Short Run : The Phillips curve relates, the rate of inflation with the rate of unemployment ; The Phillips curve states that unemployment and inflation are inversely related , as with a decrease in unemployment, inflation increases. The relationship, is not linear. In the graph The short-run Phillips curve traces an L-shape when the unemployment rate is on the x-axis and the inflation rate is on the y-axis.
The Phillips curve shows the inverse trade-off between inflation and unemployment.With increase in one, the other must decrease. In the graph, an economy can either experience 3% unemployment at the cost of 6% of inflation, or increase unemployment to 5% to bring down the inflation levels to 2%.

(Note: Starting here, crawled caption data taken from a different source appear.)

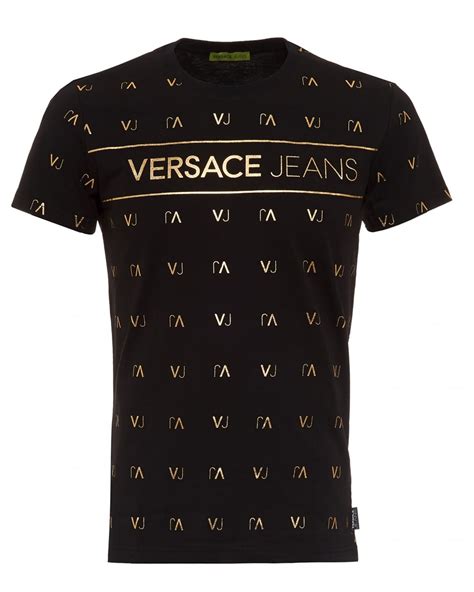 prezzi t shirt originali versace uomo|versace denim shirt.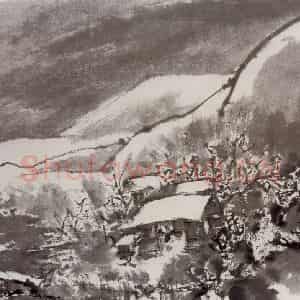 1948年 傅抱石《唐人诗意画册白居易(问刘十九)》国画人物作品图片鉴赏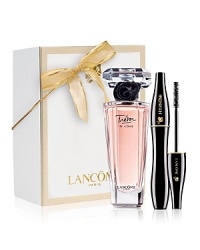 For the holidays, Trésor In Love captures the spirit of the first moment of love. Fall head over heels with the luminosity of ripe fruits, the radiance of rose and jasmine, and the vibrant warmth of cedar wood and musk in this flirty collection. Gift set includes: Trésor in Love Fragrance Spray 1.7 fl. oz. and Hypnôse Drama Mascara in Black (full size). For the holidays, Trésor In Love captures the spirit of the first moment of love. Fall head over heels with the luminosity of ripe fruits, the radiance of rose and jasmine, and the vibrant warmth of cedar wood and musk in this flirty collection. Gift set includes: Trésor in Love Fragrance Spray 1.7 fl. oz. and Hypnôse Drama Mascara in Black (full size).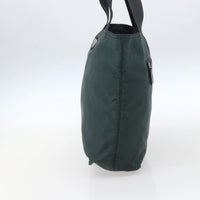Prada Vintage Zip Tote Tessuto Green Nylon Tote Bag Bag (Authentic Pre-Loved)
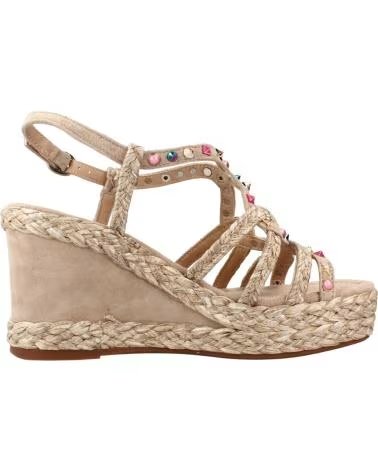 ALMA EN PENA EN PLATEAU-SANDALEN AUS VELOURSLEDER IN NERZFARBEN VISON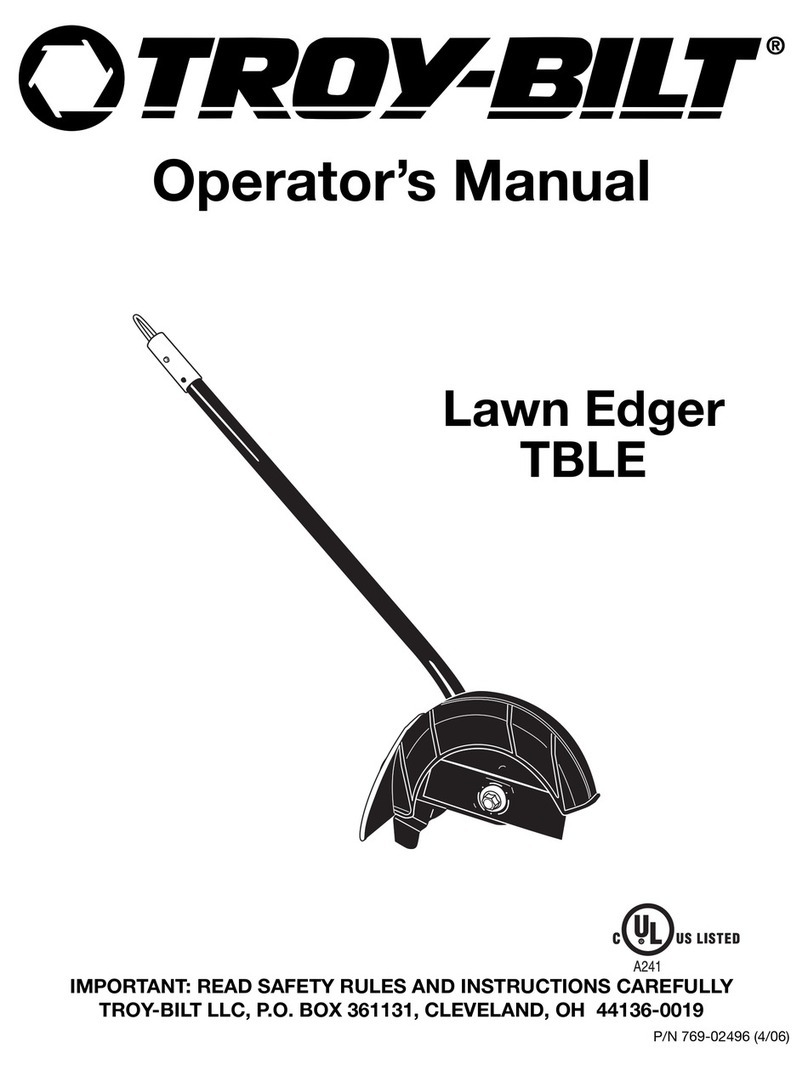 Troy-Bilt TBLE Operator's manual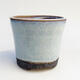 Ceramic bonsai bowl 8 x 8 x 7 cm, color blue - 1/3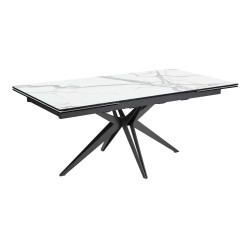 TABLE DE SALLE À MANGER PRIMEVÈRE EXTENSIBLE EN CÉRAMIQUE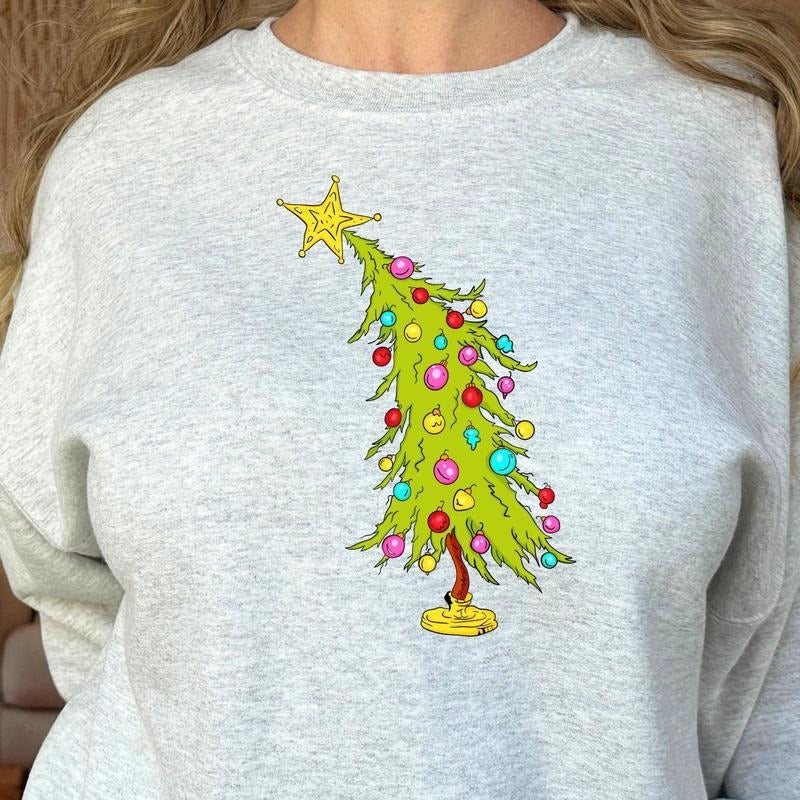 Tilted Tree Crewneck Sweatshirt/tee Hoodie | HypeCrazeTee.com
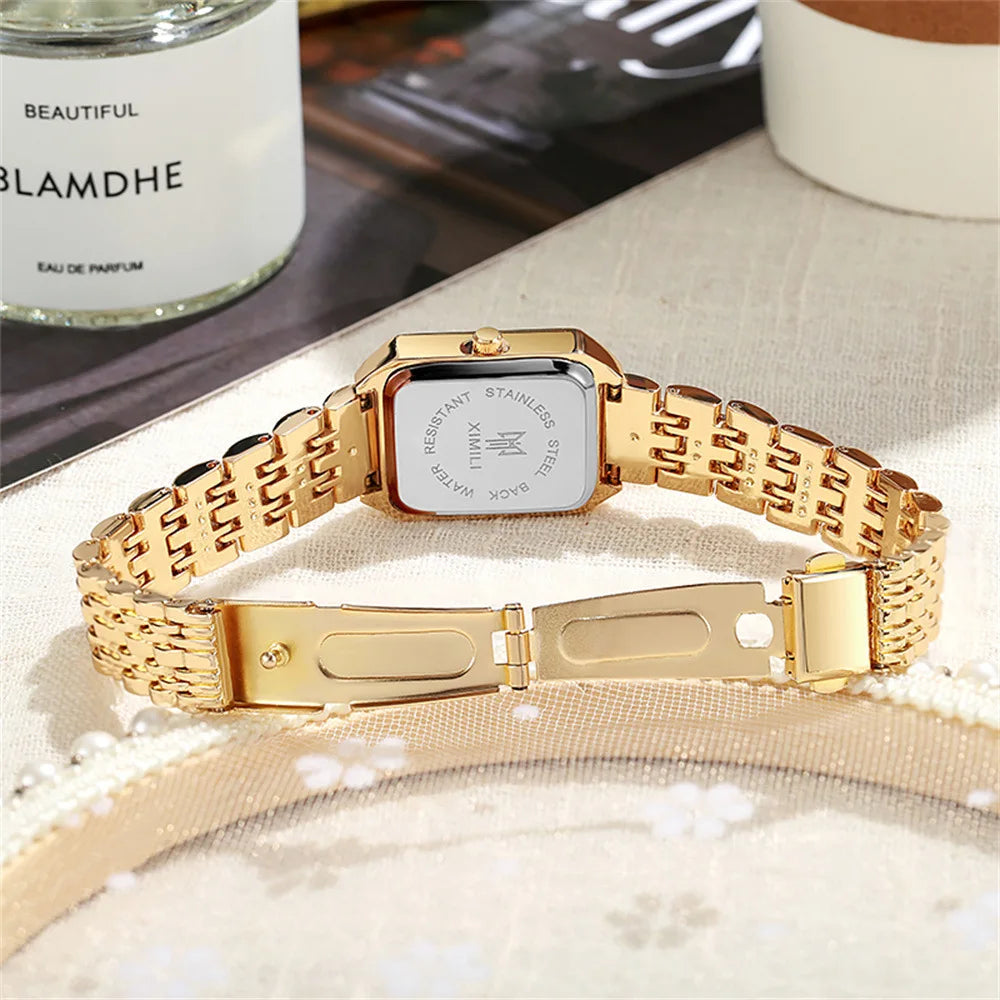 Square Watch Quartz Roman Scale Clock
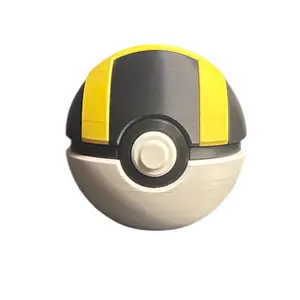 Ultra Ball - Inspired 3D Printed Poke Ball Collectible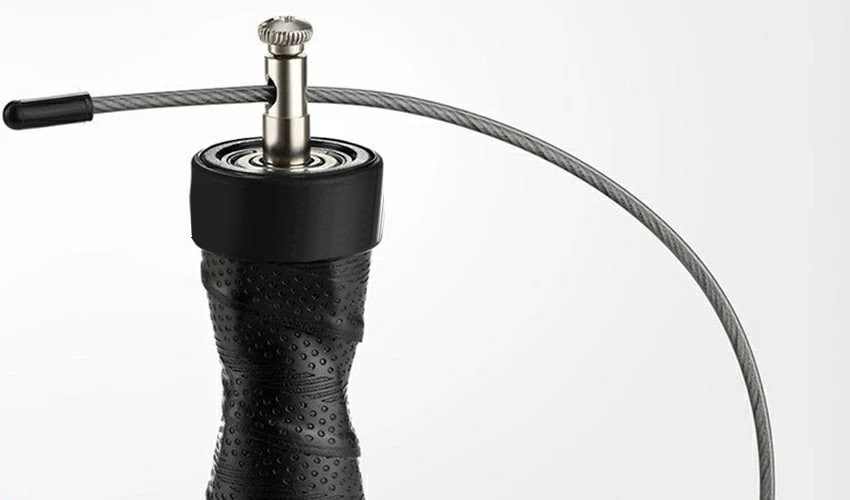Скакалка швидкісна 4yourhealth Cross Weighted Rope 2.5m. на підшипниках, регульована 1146 Чорна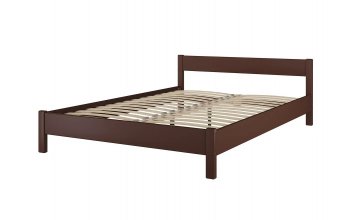 Кровать из массива Эби Орех (БМ) в Ивделе - ivdel.mebel-e96.ru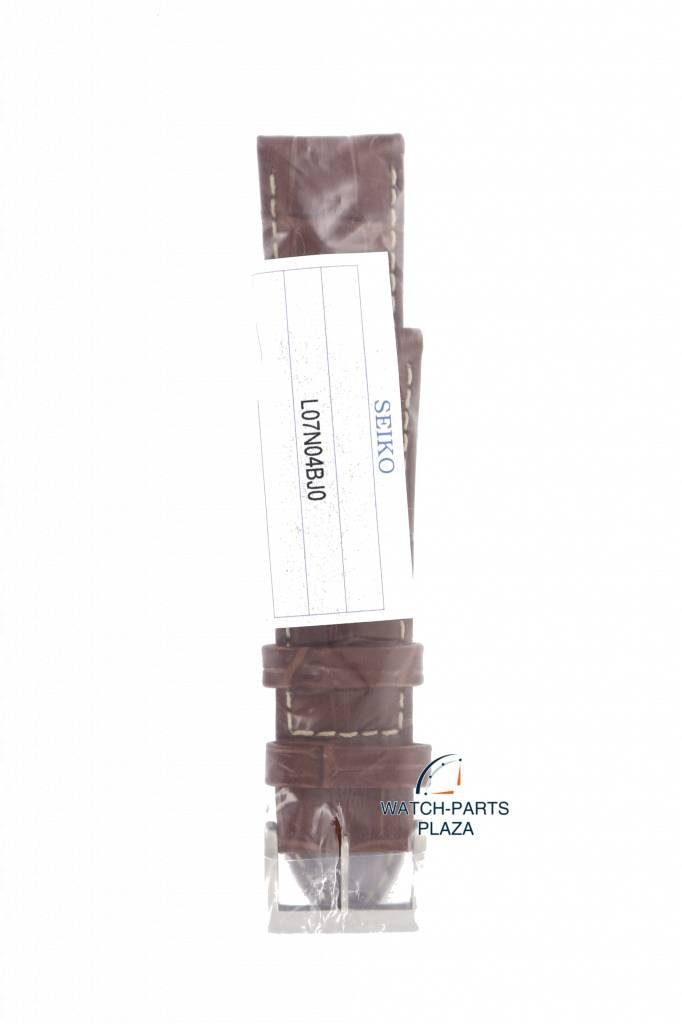 Watch Strap for Seiko SSG005P1 Prospex Radio Sync Solar L07N B 22 mm Brown Band 8B92 - 0AK0 - Watch Plaza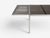Silver Milo Baughman Style, Expanding Dining Table, Chrome, Smoked Glass, Usa, 1970s For Sale - Image 8 of 12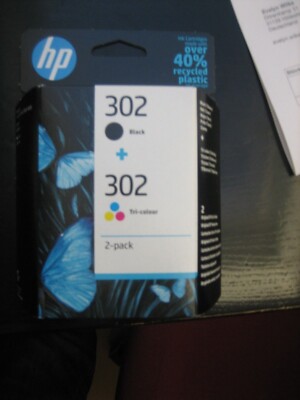  HP GENUINE HP 302 Black + Color for DJ DESKJET 1110 2130 3630 3631 3632 3633 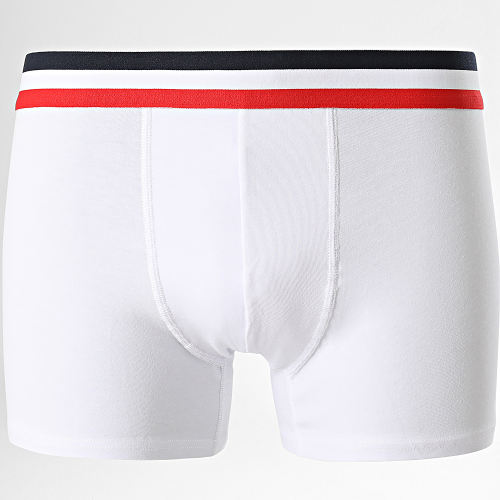 Lot De 3 Boxers 2443 Blanc Rouge Bleu Marine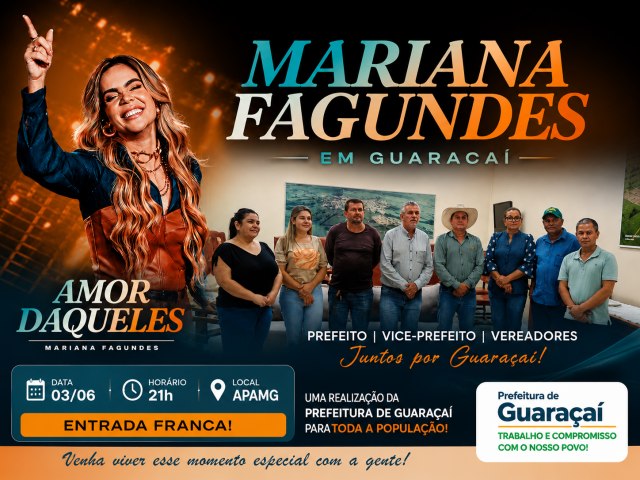 Mariana Fagundes far� show de lan�amento da FEAP 26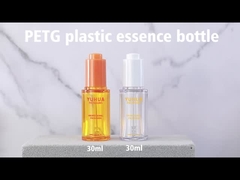 Bouteille d' huile essentielle en plastique de 30 ml avec gouttelette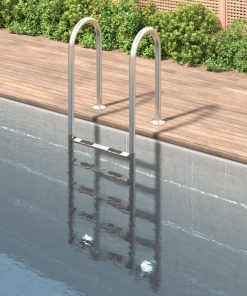 vidaXL Pool-Leiter 54x38x211 cm Edelstahl 304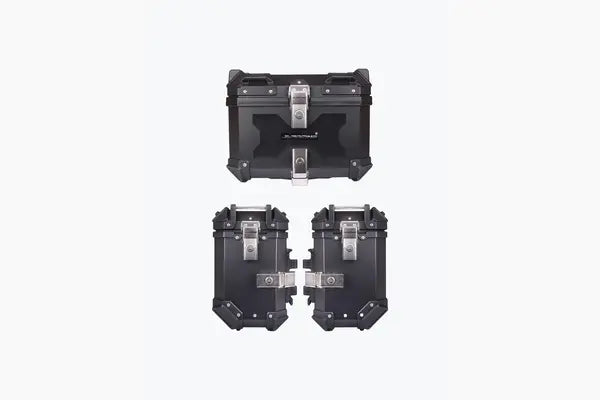 JB RACING TOPBOX WITH PANNIERS JB TC X45L ECONOMY BLACK + JB SB X36L PREMIUM BLACK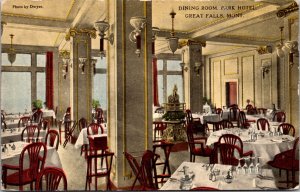 Postcard Dining Room at Park Hotel in Great Falls, Montana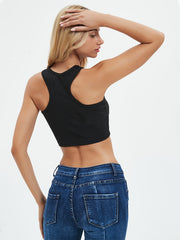 Racerback Fitness Sports Tank Top Yoga Crop Tank Top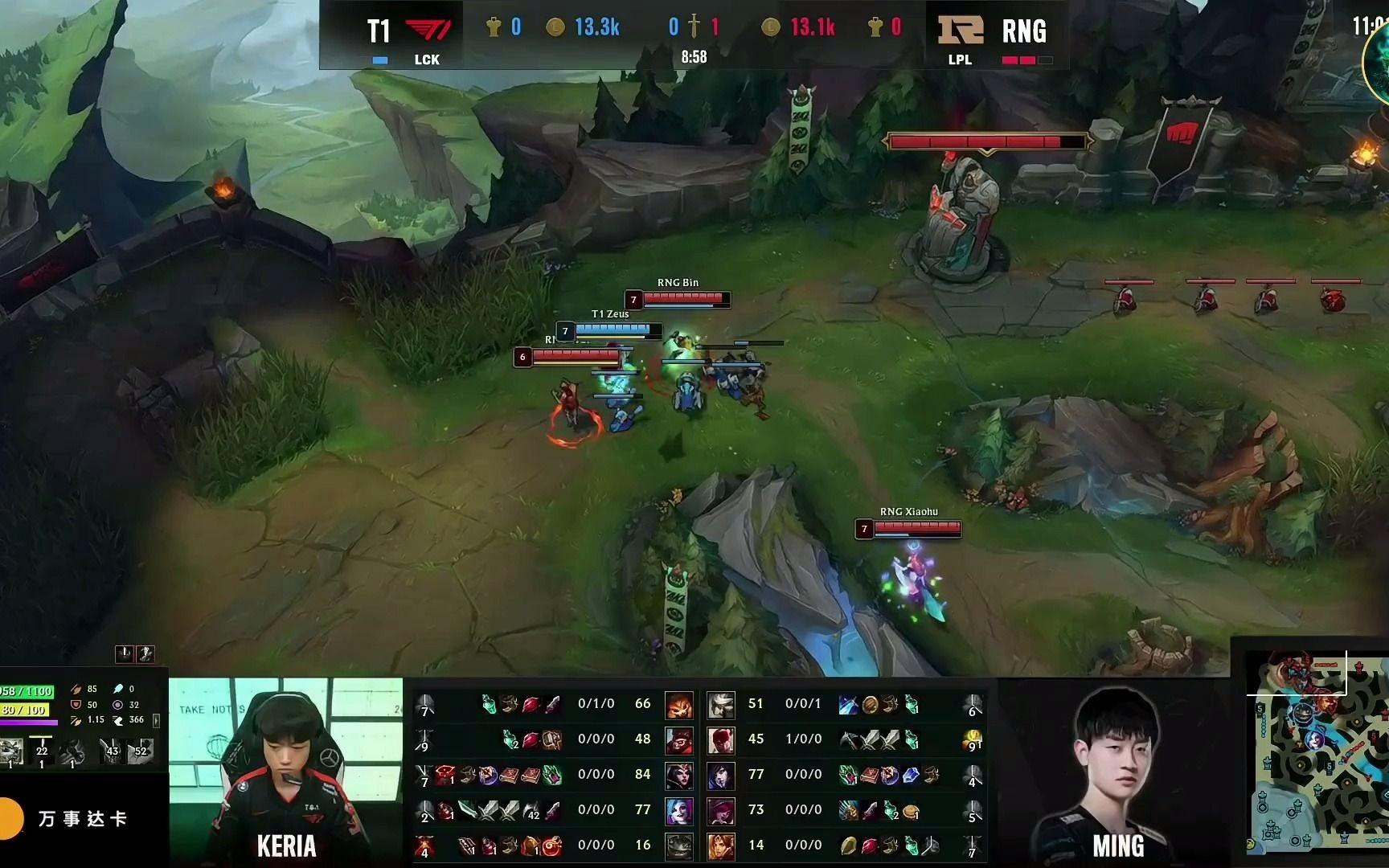 RNG力克FLY,Keria打出惊人五杀八强赛3:0(北京) RNG力克FLY,Keria打出惊人五杀八强赛3:0(北京)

Long Run : In the long run, inflation and unemployment are unrelated. Graphically, this means the Phillips curve is vertical, at the natural rate of unemployment, or the hypothetical unemployment rate if aggregate production is in the long-run level. The natural rate of unemployment theory, also known as the non-accelerating inflation rate of unemployment (NAIRU) theory. According to NAIRU theory, expansionary economic policies will create only temporary decreases in unemployment as the economy will adjust to the natural rate. Moreover, when unemployment is below the natural rate, inflation will accelerate. When unemployment is above the natural rate, inflation will decelerate. When the unemployment rate is equal to the natural rate, inflation is stable, or non-accelerating.
Although the economy starts with an initially low level of inflation at point A, attempts to decrease the unemployment rate are futile and only increase inflation to point C. The unemployment rate cannot fall below the natural rate of unemployment, or NAIRU, without increasing inflation in the long run.